The failure of any party to insist upon or enforce strict performance by the other party of any provision of this Agreement or to exercise any right under this Agreement will not be construed as a waiver or relinquishment to any extent of such party’s right to assert or rely upon any such provision or right in that or any other instance, rather, the same will be and remain in full force and effect.
COMPANY may assign rights and obligations under this Agreement, and upon such assignment COMPANY may be relieved of any further obligation hereunder. These Terms and Conditions constitute the entire understanding between CUSTOMER and COMPANY and supersede all prior agreements and understandings.
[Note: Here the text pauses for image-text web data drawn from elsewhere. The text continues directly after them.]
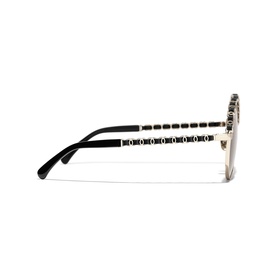 Gold and black oversized sunglasses shown from the side, with embellished temples featuring repeating logo detail and black tips.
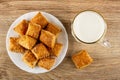 Puff cookies in white plate , cup with milk on wooden table. Top view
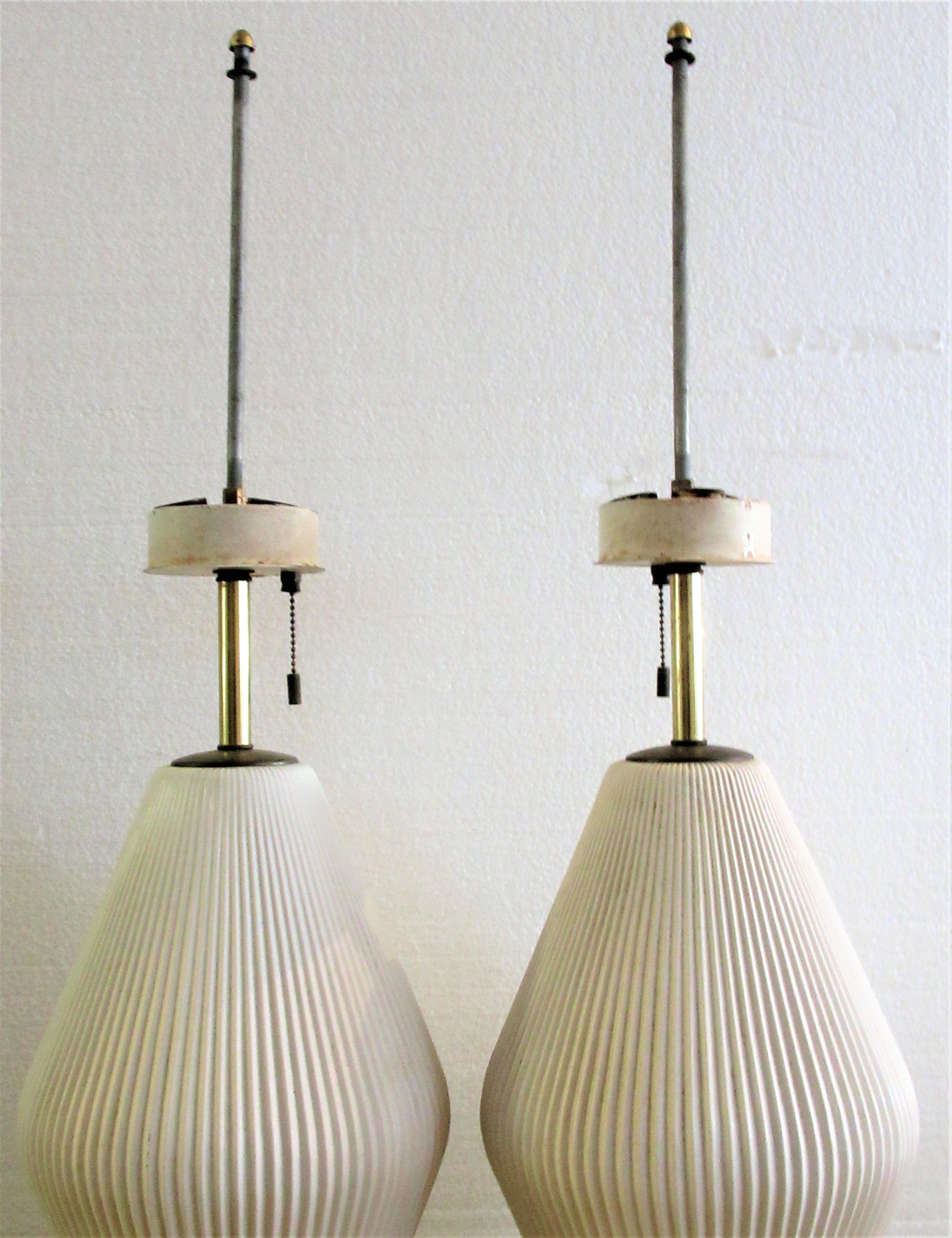 A great looking pair of fluted white porcelain and brass table lamps by Gerald Thurston for Lightolier in good all original condition, circa 1950s. Look at pictures and read condition report.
By accessing this site and using the SERVICE, CUSTOMER agrees to receive electronic documents, billing reports, statements and records (electronic records) in lieu of paper documents, statements and records from us. Your electronic records may be emailed to CUSTOMER to the email account that CUSTOMER provide to us, accessed through this site using your Confidential Access Information or otherwise electronically provided to CUSTOMER. By accessing this site and using the SERVICE, CUSTOMER are also agreeing to the use of electronic signatures in lieu of (and in addition to) wet-ink, physical signatures. If CUSTOMER changes the email address to receive electronic records, CUSTOMER must notify us of the new email address by sending an email or written letter to our address of record.